How a Mexican cockfight impresario took his revenge on six housebreakers
Rancher hires hit men to track down the thieves who burgled his home last year
Jorge Aduna Villacencio is a tough guy, someone who commands respect. He is an old-school rancher. He has to be – otherwise he could never have efficiently managed a palenque – a cockfighting arena where disputes over wagers are often resolved with guns.
So the day a group of burglars broke into his mansion, it did not occur to him to pick up the phone and call the police.
The following is a story of revenge. It is the story of how the most important owner of fighting cocks in all of Puebla and Tlaxcala, in central Mexico, kidnapped and killed the six men who dared enter his home without permission.
The property where the revenge was consummated became a slaughterhouse
The hit men hired by Aduna Villacencio dismembered and burned the thieves’ bodies, according to the attorney’s reconstruction of events, which EL PAÍS has had access to.
Nobody knows exactly when the burglary took place, but it must have been in early October 2015, because that is when the kidnappings began in the city of Puebla.
Aduna hired a thug from Tamaulipas, in northern Mexico, who was trained in the violent techniques of the Los Zetas cartel; he then recruited two policemen, one still in service and another who had been kicked out by his superiors. To this core group of hit men, he added his own bodyguard and his 20-year-old driver.
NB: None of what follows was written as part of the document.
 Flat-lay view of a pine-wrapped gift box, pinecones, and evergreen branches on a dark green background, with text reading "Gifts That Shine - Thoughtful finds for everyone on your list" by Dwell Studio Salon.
There are two mysteries that investigators have been unable to resolve. The first is whether the burglars were aware of who they were up against. Aduna was a wealthy man and surely had a lot of valuables stashed away at home, but was it really worth running such a risk?
Cockfighting is as closely tied to the underworld as boxing. Drug kingpins like traveling to Las Vegas to watch their favorite boxers fight, they like listening to drug ballads from the best-known ‘narco-corrido’ bands and they like watching their fighting cocks put up a strong battle inside the arena. Jorge Aduna was a well-connected man and it was best to leave him alone.
The second mystery is: what happened during the burglary? Was the owner at home when the thieves broke in? Were any family members there? One rumor has it that one of his female relatives was raped, and that this explains the passion with which he pursued the burglars. Or was it that they stole something really valuable?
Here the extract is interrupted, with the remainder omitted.